The things that did happen, are instead the things that take place on the fictive school. Biehl’s Academy is called Bordings Friskole in the real world and here the author went to school for nine years – and how the teachers hit the students on a regular basis and that Peter was kicked out of school at age 16, is true – among other things.

This means, that this book is a blur between fiction and reality. There used to be a sort of agreement between readers and authors that either everything in a novel was true or else, it was false, fiction. This agreement is no longer in existence. Now authors take parts of their life or others’ lives, and use it as they see fit. In Denmark, we have seen several examples of this. And it seem to make some people angry – on the point of law suits and of people being persecuted in the medias, loosing their jobs etc. Peter Høeg does it in this novel – other examples are Knud Romer’s novel Den som blinker er bange for døden and Jørgen Leth Det uperfekte menneske (apparently, neither of these has been translated to English).

For me, I love this play on reality. I think that this challenges the novel and explores the possibilities of combining fiction and reality in ways that we have never seen before. It doesn’t diminish the worth of the novel in any way. Rather, it’s the authors’s attempt to express themselves and their creativity and vision in ways they see fit. And Peter Høeg does this so very well in De måske egnede (which by the way is a much more appropriate title than the English Borderliners since the Danish title plays on Darwin’s expression of ‘survival of the fittest’.

  • Title: De måske egnede (Title in English: Borderliners)
  • Author: Peter Høeg
  • Publisher: Gyldendals Bogklubber
  • Year: 1993
  • Pages: 277
  • Source: Own Collection
  • Stars: 4 stars out of 5

4 thoughts on “Peter Høeg: De måske egnede (Title in English: Borderliners) (review)

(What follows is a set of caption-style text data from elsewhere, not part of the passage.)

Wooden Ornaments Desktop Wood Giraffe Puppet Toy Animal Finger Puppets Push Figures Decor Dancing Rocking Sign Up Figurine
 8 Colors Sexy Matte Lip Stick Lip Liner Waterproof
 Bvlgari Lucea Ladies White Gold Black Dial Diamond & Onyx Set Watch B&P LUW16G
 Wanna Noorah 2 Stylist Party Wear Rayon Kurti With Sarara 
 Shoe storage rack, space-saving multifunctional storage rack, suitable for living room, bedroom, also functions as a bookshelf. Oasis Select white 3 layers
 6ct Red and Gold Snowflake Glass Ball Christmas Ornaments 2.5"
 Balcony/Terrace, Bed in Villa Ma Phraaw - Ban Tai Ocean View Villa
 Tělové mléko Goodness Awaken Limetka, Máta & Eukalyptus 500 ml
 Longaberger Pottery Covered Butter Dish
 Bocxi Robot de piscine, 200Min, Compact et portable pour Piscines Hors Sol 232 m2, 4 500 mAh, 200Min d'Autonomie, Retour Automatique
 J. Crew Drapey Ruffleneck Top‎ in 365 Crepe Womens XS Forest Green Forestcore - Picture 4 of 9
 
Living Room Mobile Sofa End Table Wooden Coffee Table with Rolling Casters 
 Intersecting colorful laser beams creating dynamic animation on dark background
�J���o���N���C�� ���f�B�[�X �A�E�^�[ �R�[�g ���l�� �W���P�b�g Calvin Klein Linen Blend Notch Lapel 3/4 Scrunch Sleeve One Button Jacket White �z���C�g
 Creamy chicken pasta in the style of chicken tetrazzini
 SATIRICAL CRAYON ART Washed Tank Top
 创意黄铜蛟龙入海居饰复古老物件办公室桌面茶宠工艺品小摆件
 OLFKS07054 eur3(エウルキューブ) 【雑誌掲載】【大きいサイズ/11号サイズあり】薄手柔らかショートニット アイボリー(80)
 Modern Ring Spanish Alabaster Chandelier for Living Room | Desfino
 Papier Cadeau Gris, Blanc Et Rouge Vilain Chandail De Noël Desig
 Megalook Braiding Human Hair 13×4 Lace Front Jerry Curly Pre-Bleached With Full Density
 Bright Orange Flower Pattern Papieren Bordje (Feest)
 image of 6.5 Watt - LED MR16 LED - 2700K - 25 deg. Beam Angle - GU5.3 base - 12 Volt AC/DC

    • I’ve read Smilla years ago but with a huge break in the middle so I didn’t like it much. Borderliners/De måske egnede is such a great novel that I’m considering reading more from Høeg – I’m probably going to try Smilla again and maybe his newest novel as well (It’s called Elefantpassernes børn – I’m not sure if it has been translated to English yet …).

      • Me too – I have started reading Smilla a couple of times but always put it down. Looking forward to Borderliners and maybe I will give Smilla another chance 🙂
        Thanks Christina!

  1. This is a great analysis, thank you! I’m currently re-reading De måske egnede (in the German translation), after having just re-read Smilla. Both books I had already read when they were rather new, in the late nineties. I loved them then, but I really wonder how much of them I understood then, when I was in my late teens. Now, I’m baffled and enchanted by their complexity and the many allusions and things to find between the lines.
    In the last paragraph you mention the original title is a play on “survival of the fittest”; I have been wondering what De måske egnede might translate to, but Danish is not a language I know, so I am just guessing a literal translation might come to something like “They might (be) fit(ting)”? Can somebody correct me please? Thank you!